Tchaikovsky's Mazeppa! It started off beautifully but after awhile musically it just does not seemed to go anywhere and I get bored. I have the Jarvi's set with Gorchakova (whatever happened to her?),Leiferkus, Larin, Margison since it was first released but I don't think I managed to sit through the opera in its entirety yet. The first half of CD 1 got played sporadically enough though


----------



## sharik (Jan 23, 2013)

deggial said:


> Prokofiev's The Fiery Angel


i do love that one and watch it now and then.


----------



## Cavaradossi (Aug 2, 2012)

That's an easy one for me. The second opera I ever attended was Samuel Barber's "Antony and Cleopatra". The only Barber music I knew at the time was "Adagio for Strings" and I was looking forward to a three hour version of that. I had no idea of the opera's reputation as the flop that inaugurated Lincoln Center.
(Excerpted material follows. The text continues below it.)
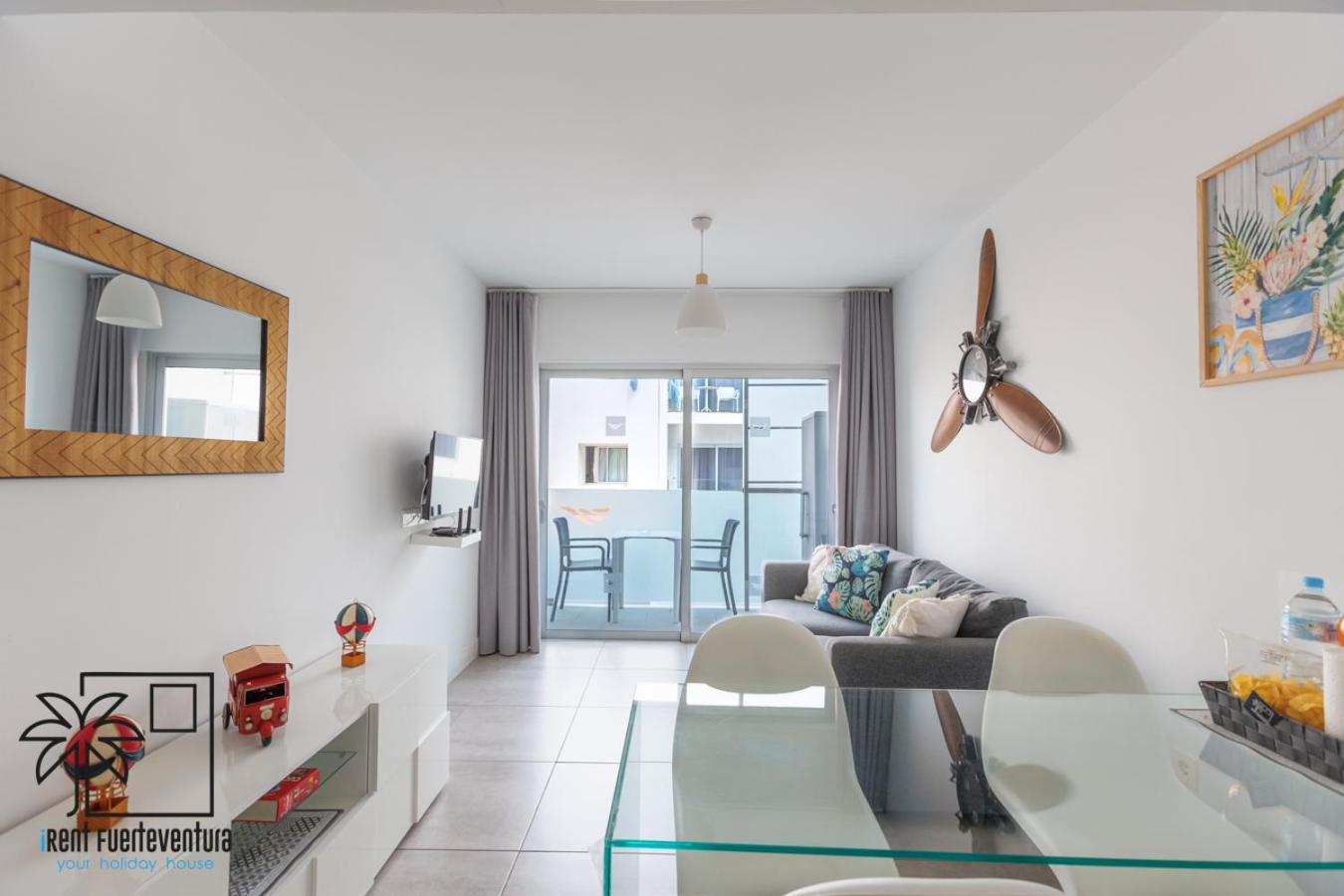 Apartament Hola Jag Center Irent Fuerteventura *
I remember it as being a difficult sit with both abstract music and an abstract production. I'd be curious to hear a bit of it again though, to see if it's any more appealing to my ears now.


----------



## guythegreg (Jun 15, 2012)

Queen of Spades, with Mattila as the love interest. It was a new production, I figured, Tchaikovsky, Mattila, how could it go wrong, and it did. I think the opera itself is fatally flawed - and the Pushkin story it was based on was a really odd choice, far from the best of Pushkin imho.


----------



## mamascarlatti (Sep 23, 2009)

guythegreg said:


> Queen of Spades, with Mattila as the love interest. It was a new production, I figured, Tchaikovsky, Mattila, how could it go wrong, and it did. I think the opera itself is fatally flawed - and the Pushkin story it was based on was a really odd choice, far from the best of Pushkin imho.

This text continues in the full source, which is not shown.